### Entries supplied:
▬▬▬▬▬▬

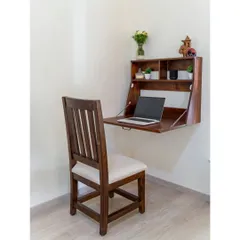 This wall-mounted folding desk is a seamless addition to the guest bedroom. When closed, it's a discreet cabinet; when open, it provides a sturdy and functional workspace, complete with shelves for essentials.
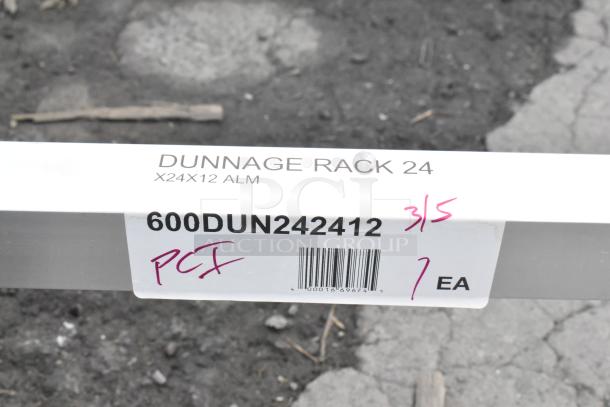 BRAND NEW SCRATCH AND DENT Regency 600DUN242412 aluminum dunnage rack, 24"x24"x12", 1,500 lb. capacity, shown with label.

▬▬▬▬▬▬

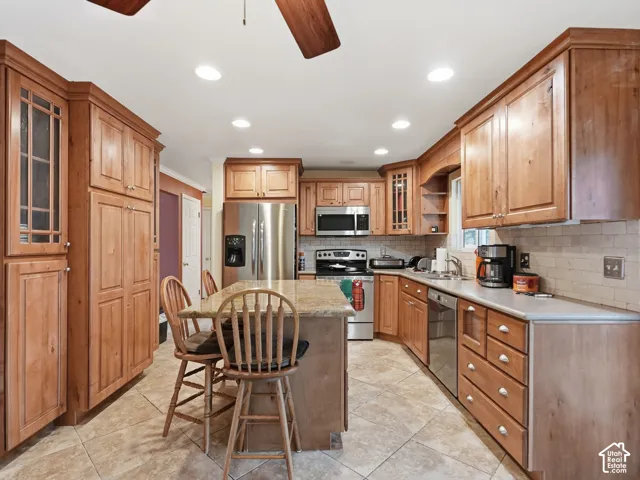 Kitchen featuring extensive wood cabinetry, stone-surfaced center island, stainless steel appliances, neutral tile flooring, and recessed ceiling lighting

▬▬▬▬▬▬

### About this exercise:
Write back the stretch of lines above that begins with the line holding "This wall-mounted folding" and ends with the line holding "BRAND NEW SCRATCH", both included, exactly as written. Pictures stay out.

### The completed task:
 This wall-mounted folding desk is a seamless addition to the guest bedroom. When closed, it's a discreet cabinet; when open, it provides a sturdy and functional workspace, complete with shelves for essentials.
 BRAND NEW SCRATCH AND DENT Regency 600DUN242412 aluminum dunnage rack, 24"x24"x12", 1,500 lb. capacity, shown with label.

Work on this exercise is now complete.